Return the data below unchanged. Drop any pictures.

- MATERIAL PROVIDED:
════════════════

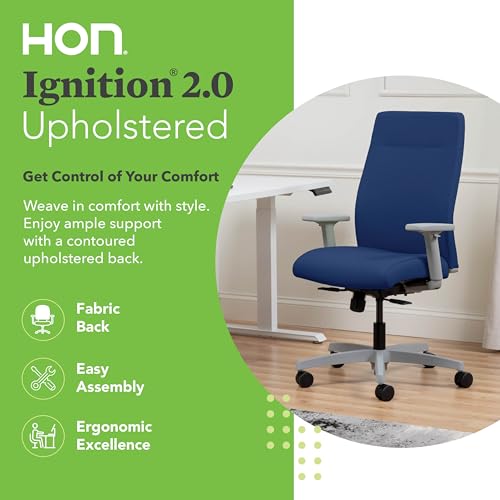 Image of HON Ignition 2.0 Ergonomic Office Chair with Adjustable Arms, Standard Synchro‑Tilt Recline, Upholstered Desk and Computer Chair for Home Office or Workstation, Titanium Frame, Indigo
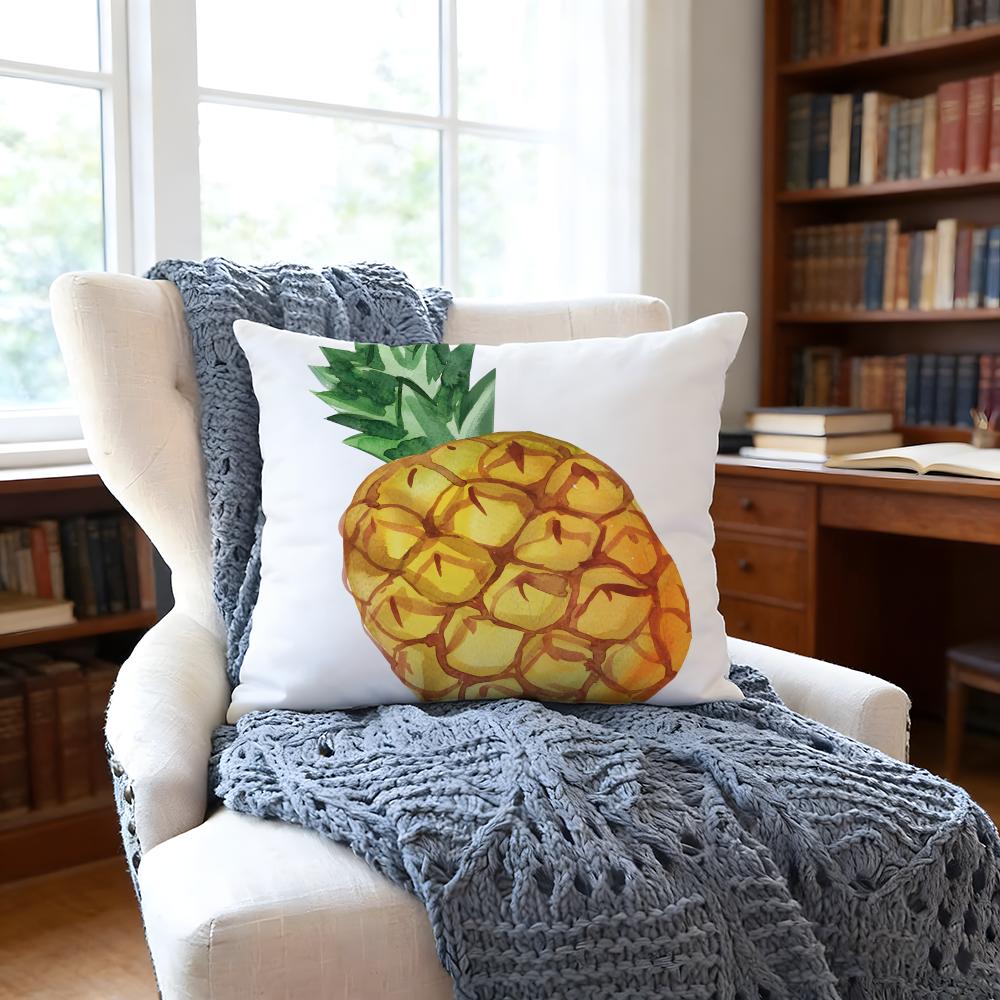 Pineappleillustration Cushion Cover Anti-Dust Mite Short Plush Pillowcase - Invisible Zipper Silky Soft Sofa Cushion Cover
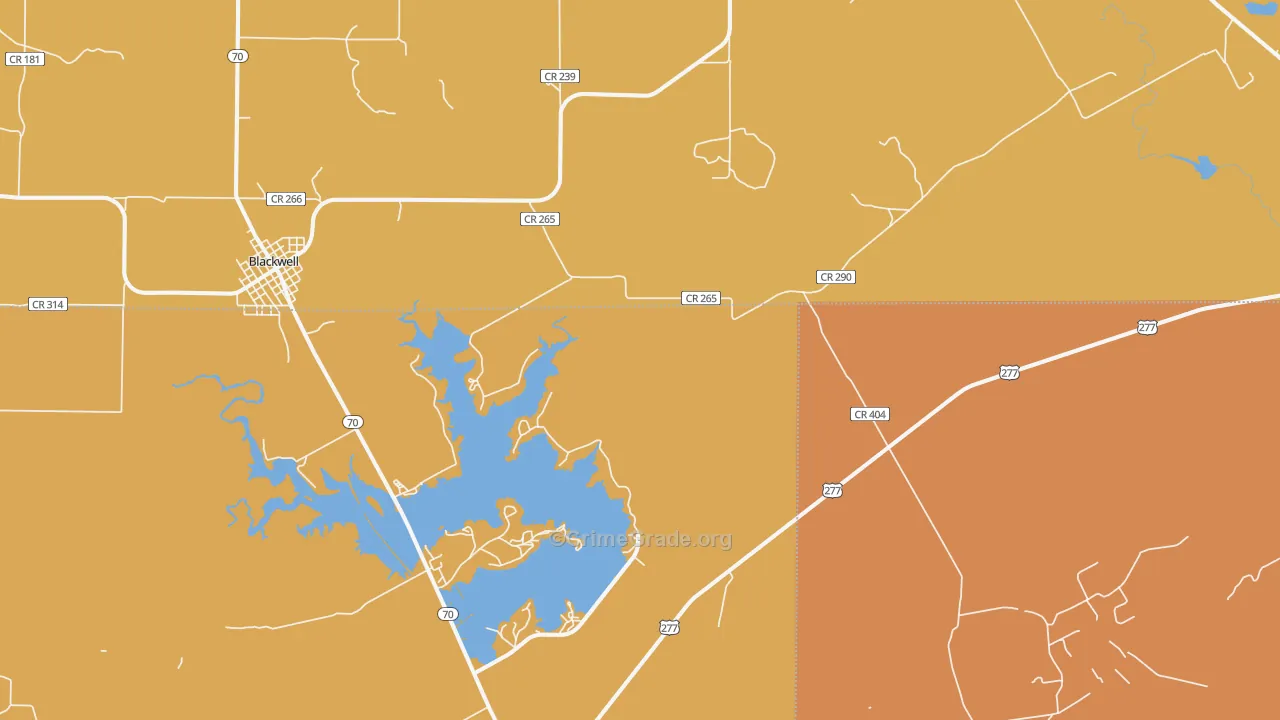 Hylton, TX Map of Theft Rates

════════════════

- THE ANSWER:
 Image of HON Ignition 2.0 Ergonomic Office Chair with Adjustable Arms, Standard Synchro‑Tilt Recline, Upholstered Desk and Computer Chair for Home Office or Workstation, Titanium Frame, Indigo
 Pineappleillustration Cushion Cover Anti-Dust Mite Short Plush Pillowcase - Invisible Zipper Silky Soft Sofa Cushion Cover
 Hylton, TX Map of Theft Rates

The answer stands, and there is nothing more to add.